Sample 17 was taken from the southern wall of the delousing wing of the hygiene building BW 5b at Auschwitz-Birkenau, a wall intensely exposed to the elements, as the winds and the rain come primarily from the southwest to west in that area.[27] Since moisture is one main prerequisite for the absorption of HCN into building materials – the other being an elevated pH value – this could be why cyanide values are highest at this location. In fact, 74% of all the iron contained in this sample was converted to Iron Blue: we are dealing here with cyanide values very close to the saturation limit. Interestingly, the heavily eroded, hence chemically active bricks on the outside of this wall show a dark blue discoloration with cyanide values close to those measured in the lower layers of the plaster on the inside (Sample 16) suggesting that the entire wall is saturated through with Iron Blue, should anyone ever venture to take core samples from within it.
This may resolve the question, as regards which of Dr Roth’s statements is tenable: without doubt, that which he made while under oath.

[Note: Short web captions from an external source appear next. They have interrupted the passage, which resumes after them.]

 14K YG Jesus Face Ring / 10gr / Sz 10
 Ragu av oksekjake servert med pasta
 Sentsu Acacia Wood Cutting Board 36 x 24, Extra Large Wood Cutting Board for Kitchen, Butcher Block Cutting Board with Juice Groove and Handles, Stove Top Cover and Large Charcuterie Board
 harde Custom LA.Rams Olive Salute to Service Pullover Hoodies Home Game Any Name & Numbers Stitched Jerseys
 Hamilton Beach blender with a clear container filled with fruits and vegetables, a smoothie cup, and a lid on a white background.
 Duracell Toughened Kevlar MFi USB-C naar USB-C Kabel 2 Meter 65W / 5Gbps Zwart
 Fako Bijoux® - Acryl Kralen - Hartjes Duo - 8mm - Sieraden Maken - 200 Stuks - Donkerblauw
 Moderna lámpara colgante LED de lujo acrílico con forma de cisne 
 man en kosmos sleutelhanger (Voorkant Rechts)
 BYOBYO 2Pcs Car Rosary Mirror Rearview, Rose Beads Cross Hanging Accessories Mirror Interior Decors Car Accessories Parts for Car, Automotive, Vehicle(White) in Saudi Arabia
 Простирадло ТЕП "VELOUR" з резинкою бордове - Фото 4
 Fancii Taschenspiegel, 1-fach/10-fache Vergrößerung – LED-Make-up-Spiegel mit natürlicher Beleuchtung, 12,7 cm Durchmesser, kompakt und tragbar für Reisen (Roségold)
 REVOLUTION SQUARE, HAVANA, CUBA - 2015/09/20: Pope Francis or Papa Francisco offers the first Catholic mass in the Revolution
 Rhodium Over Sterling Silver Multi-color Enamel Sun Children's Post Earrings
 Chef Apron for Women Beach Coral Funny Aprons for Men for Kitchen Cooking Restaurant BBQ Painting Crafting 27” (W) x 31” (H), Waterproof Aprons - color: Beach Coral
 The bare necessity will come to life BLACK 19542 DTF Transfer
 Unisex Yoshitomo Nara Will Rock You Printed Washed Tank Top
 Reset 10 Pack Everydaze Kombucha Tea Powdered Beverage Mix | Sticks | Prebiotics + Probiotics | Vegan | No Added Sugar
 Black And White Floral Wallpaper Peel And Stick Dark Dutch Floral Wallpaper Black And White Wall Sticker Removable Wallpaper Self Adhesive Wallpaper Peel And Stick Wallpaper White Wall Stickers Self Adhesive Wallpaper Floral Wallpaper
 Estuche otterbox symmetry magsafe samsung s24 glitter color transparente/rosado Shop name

Detection Limit and Reliability
The Polish study followed the method as defined by Epstein, who gives a detection limit of 0.2 mg/l for liquid samples.[28] The Polish team mysteriously averred, however, that their detection limit lay almost two orders of magnitude lower, at 3-4µg/kg according to experience they have gained with test measurements. We are far from accepting this parts-per-billion accuracy level claimed for a 1947 method but refrain from further comment.
This, in addition to the observations made above about the evidently wrong wall-paint hypothesis, led to our decision to exclude these results from our present comparative study concerned only with total wall cyanide measurement.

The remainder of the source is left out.